Now that part of the consultation has ended, we are in the process of developing specific proposals in the light of the responses, and we shall consult on them early in 2003. Of course, we are continuing to talk to stakeholders as we consider the options on which we shall consult formally next year. Officials have a programme of seminars with key stakeholders, such as big and small employers and trade unions, and I have asked them to engage with the higher education sector.

The hon. Gentleman asked that we take account of the experience of other countries, such as the United States of America and Australia. When I had some responsibility for this issue, I visited people in both those countries to talk to them about their legislation on discrimination. The Americans have a different set-up in their country, and their Age Discrimination in Employment Act has been on the statute book since 1967, with various subsequent laws amending it.

Although the American experience can provide us with useful lessons, experience from abroad also suggests that there are no easy off-the-peg solutions. The path to legislation, and the legislation itself, differs from country to country. Overseas experience suggests that age discrimination law is an evolving business. The case law in America bears that out. Although legislation introduced there in 1967 covered employment only, there have been several exceptions that restricted, for instance, the scope of the legislation to those aged 40 to 65. As I said at the beginning of my remarks, we want to tackle age discrimination against young people, too.

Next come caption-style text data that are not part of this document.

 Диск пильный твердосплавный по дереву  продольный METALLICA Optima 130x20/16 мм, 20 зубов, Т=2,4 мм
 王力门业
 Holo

Another clear message from overseas is that we need to find the solutions that best fit our particular experience. That view is reflected in the EU directive itself. Recital 25 of the directive refers to the fact that provisions in respect of age discrimination may vary in accordance with the circumstances in member states. That is our view. This is complicated business, and we need to get it right for our particular circumstances.

We cannot tackle age discrimination through legislation alone, however. We must promote a change in the culture in the workplace. We need to get rid of those false stereotypes that characterise older workers as incapable of learning new skills, slow to adapt to change, and likely to take more sick leave—stereotypes that universities, I am sure, will not want to perpetuate. Such stereotypes would undermine the very professionalism that the hon. Gentleman says—rightly—that universities have striven to achieve and wish to maintain.

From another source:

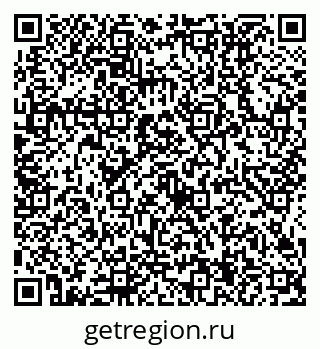 79634414484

Other countries that have age legislation, such as the United States and Australia, have found that the effectiveness of legislation is greatly helped by operating it in conjunction with other policies that promote equal rights and educate employers about their obligations and rights. To help bring about that culture change, we introduced the code of practice on age diversity in employment, which was launched by what is now the Department for Work and Pensions in June 1999. It was produced in partnership with organisations such as Age Concern, the Trades Union Congress, the Confederation of British Industry and the Employers Forum on Age. It features practical guidance for employers, backed up by good case studies. It sets the standard for non-ageist approaches to recruitment, training, development, promotion, redundancy and retirement. I commend the code to universities and others.

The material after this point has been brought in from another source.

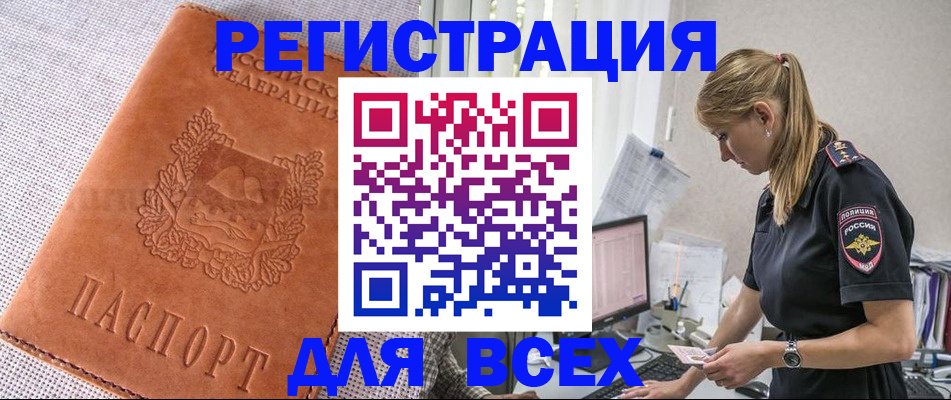 прописка паспорт в Гае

This is not legislation that employers should fear. It will not require any employer, let alone universities, to recruit or keep on someone who cannot do the job. It does not replace competence with age. In fact, recital 17 of the directive says: This Directive does not require the recruitment, promotion, maintenance in employment or training of an individual who is not competent, capable and available to perform the essential functions of the post concerned or to undergo the relevant training".

I reassure the hon. Gentleman that I shall consider carefully all the points that he has made. We shall ensure that the higher education sector is fully engaged in the consultation process as we develop our proposals. Like all stakeholders, it will be able to let us have its views when responding to the next consultation exercise.